(Stored data entries)
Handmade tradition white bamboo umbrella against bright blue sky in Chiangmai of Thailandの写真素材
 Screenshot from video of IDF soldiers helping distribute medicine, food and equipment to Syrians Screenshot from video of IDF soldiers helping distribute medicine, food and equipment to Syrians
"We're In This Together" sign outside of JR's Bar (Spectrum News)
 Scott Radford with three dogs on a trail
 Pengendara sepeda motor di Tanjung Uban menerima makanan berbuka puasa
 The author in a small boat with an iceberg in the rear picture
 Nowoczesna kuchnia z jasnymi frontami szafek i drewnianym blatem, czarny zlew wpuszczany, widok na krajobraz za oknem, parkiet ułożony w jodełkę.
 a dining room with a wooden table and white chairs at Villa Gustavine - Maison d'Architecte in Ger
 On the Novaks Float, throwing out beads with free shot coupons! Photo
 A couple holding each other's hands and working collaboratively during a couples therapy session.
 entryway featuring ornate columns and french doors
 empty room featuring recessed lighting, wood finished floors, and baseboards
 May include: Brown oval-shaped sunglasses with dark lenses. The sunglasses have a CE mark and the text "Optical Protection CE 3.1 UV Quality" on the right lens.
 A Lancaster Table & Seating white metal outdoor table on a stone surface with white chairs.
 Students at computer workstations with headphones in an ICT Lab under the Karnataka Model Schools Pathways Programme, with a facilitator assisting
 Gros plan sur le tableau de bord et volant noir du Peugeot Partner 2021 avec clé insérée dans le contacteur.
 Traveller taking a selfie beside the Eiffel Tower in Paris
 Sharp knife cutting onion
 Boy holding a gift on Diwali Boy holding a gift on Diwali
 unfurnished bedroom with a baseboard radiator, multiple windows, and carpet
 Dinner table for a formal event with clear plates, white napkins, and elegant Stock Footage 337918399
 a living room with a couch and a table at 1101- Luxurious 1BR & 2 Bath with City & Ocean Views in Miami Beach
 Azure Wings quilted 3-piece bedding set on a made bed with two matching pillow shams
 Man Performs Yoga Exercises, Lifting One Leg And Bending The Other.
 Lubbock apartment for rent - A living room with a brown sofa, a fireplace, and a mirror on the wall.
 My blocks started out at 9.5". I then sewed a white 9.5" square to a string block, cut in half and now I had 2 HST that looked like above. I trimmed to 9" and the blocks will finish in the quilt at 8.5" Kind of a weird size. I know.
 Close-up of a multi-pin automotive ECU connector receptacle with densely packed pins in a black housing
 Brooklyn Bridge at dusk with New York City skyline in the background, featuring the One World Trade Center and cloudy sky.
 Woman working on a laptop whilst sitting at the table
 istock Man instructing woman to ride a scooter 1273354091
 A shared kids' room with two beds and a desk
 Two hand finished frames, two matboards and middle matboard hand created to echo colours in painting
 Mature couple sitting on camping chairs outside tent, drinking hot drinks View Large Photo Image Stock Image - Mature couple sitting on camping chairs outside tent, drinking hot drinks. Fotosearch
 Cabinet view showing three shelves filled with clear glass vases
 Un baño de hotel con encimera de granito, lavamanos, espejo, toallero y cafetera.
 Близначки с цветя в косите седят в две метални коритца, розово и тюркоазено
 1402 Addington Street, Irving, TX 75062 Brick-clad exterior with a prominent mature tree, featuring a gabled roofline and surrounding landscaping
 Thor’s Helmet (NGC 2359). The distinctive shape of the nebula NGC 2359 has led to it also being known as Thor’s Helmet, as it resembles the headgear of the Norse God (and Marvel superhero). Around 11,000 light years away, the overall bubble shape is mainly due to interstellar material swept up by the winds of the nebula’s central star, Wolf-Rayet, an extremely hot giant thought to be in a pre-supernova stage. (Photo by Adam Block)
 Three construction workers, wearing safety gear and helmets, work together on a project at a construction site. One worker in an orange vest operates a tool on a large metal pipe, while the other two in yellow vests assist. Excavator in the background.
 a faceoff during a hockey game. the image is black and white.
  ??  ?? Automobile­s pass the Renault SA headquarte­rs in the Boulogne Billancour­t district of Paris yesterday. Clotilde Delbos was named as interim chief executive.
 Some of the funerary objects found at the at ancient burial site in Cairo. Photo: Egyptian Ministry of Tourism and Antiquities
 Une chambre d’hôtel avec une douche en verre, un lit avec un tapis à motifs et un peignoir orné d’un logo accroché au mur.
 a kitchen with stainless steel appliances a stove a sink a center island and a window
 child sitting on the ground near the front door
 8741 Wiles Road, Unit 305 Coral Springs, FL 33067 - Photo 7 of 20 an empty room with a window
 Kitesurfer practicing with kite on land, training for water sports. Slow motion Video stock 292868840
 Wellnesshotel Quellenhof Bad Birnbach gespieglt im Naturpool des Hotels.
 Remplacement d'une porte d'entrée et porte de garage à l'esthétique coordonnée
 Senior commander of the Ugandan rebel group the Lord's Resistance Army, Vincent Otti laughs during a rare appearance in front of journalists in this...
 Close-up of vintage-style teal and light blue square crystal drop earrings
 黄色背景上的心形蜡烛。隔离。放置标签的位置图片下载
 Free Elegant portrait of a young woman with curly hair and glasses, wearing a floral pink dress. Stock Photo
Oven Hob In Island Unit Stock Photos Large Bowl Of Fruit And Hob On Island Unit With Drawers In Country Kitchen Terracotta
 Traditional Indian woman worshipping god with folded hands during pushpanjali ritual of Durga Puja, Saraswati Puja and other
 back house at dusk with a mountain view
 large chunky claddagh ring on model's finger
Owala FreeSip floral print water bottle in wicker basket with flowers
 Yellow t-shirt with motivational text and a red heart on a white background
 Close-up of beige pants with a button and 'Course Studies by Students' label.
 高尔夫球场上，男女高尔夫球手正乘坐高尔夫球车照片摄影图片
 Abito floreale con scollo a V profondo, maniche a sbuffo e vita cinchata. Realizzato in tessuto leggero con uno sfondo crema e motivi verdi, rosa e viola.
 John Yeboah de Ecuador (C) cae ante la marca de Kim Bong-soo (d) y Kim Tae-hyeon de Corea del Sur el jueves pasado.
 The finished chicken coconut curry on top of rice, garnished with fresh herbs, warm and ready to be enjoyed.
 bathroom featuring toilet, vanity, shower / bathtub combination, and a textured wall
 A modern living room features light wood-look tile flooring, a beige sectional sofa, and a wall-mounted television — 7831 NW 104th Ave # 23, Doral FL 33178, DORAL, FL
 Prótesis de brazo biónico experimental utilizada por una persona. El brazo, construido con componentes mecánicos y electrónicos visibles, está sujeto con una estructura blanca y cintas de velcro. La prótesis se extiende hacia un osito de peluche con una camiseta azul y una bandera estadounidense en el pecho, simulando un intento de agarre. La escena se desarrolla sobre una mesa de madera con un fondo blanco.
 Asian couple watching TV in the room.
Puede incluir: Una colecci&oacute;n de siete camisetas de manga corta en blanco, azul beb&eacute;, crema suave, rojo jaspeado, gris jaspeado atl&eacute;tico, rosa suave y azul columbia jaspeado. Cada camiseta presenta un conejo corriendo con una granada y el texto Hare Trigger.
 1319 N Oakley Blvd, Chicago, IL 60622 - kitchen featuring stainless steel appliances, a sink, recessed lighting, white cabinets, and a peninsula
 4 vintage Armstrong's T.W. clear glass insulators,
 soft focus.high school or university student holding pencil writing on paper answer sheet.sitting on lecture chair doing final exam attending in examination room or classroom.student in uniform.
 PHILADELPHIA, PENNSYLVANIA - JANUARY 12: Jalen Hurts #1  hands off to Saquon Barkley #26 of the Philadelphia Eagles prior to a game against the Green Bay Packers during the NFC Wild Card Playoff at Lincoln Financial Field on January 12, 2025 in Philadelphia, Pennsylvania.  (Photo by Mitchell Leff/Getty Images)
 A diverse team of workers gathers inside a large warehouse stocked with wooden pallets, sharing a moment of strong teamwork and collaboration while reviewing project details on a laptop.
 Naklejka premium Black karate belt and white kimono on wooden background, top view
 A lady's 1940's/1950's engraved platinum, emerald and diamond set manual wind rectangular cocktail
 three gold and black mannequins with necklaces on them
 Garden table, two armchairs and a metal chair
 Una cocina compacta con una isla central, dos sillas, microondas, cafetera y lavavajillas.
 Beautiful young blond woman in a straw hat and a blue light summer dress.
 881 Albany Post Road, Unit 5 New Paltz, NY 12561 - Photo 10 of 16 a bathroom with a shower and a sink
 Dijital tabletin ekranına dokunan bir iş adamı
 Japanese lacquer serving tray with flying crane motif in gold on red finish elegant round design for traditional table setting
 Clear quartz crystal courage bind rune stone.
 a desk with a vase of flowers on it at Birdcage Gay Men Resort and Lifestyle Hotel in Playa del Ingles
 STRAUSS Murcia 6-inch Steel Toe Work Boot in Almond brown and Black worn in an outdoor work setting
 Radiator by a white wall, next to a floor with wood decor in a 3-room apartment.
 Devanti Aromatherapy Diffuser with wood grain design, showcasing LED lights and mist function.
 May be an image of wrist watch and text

→ **Exercise objective**: The reply should consist solely of the lines above from the one that has "Wellnesshotel Quellenhof Bad" through the one that has "Remplacement d'une porte", reproduced exactly.

→ **Output of the exercise**:
 Wellnesshotel Quellenhof Bad Birnbach gespieglt im Naturpool des Hotels.
 Remplacement d'une porte d'entrée et porte de garage à l'esthétique coordonnée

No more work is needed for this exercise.